Data from: Comparison of long-term outcomes between enteral nutrition via gastrostomy and total parenteral nutrition in older persons with dysphagia: A propensity-matched cohort study
Masaki, Shigenori; Kawamoto, Takashi (2020), Data from: Comparison of long-term outcomes between enteral nutrition via gastrostomy and total parenteral nutrition in older persons with dysphagia: A propensity-matched cohort study, Dryad, Dataset, https://doi.org/10.5061/dryad.gg407h1
Background: The long-term outcomes of artificial nutrition in older people with dysphagia remain uncertain. Enteral nutrition via percutaneous endoscopic gastrostomy (PEG) is one of the major methods of artificial nutrition. Enteral feeding is indicated for patients with a functional gastrointestinal tract. However, total parenteral nutrition (TPN) is often inappropriately chosen for artificial nutrition in Japan, even in patients with a functional gastrointestinal tract, as PEG has recently been viewed as an unnecessary life-prolonging treatment in Japan. This study aimed to compare the long-term outcomes between PEG and TPN.
Methods: This single-center retrospective cohort study investigated long-term outcomes in older patients with dysphagia who received PEG or TPN between January 2014 and January 2017. The primary outcome was survival time. Secondary outcomes were oral intake recovery, discharge to home, and the incidence of severe pneumonia and sepsis.
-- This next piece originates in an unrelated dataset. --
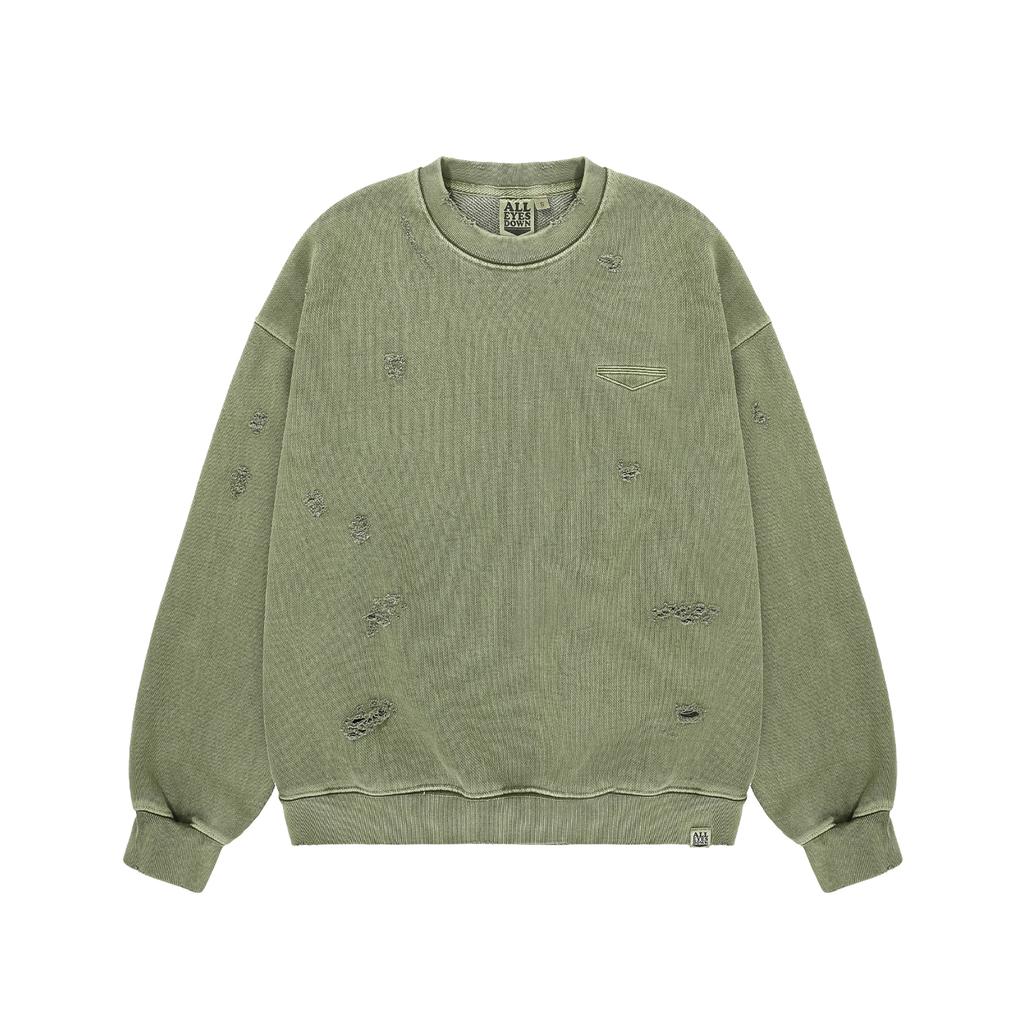ALL EYES DOWN Destroyed Pigment Sweat Shirt (Khaki)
We performed 1-to-1 propensity score matching using a 0.05 caliper. The Kaplan–Meier method, log-rank test, and Cox regression analysis were used to compare the survival time between groups.
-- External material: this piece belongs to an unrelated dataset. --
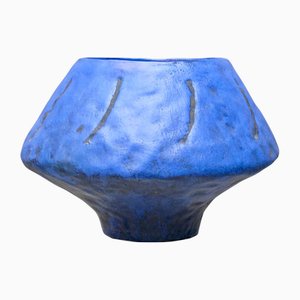 Skulpturale Vintage Schale aus blau glasierter Keramik von Marcello Fantoni, 1950er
Results: We identified 253 patients who received PEG (n=180) or TPN (n=73). Older patients, those with lower nutritional states, and severe dementia were more likely to receive TPN. Propensity score matching created 55 pairs. Survival time was significantly longer in the PEG group (median, 317 vs 195 days; P=0.017). The hazard ratio for PEG relative to TPN was 0.60 (95% confidence interval: 0.39–0.92; P=0.019). There were no significant differences between the groups in oral intake recovery and discharge to home. The incidence of severe pneumonia was significantly higher in the PEG group (50.9% vs 25.5%, P=0.010), whereas sepsis was significantly higher in the TPN group (10.9% vs 30.9%, P=0.018).
Conclusions: PEG was associated with a significantly longer survival time, a higher incidence of severe pneumonia, and a lower incidence of sepsis compared with TPN.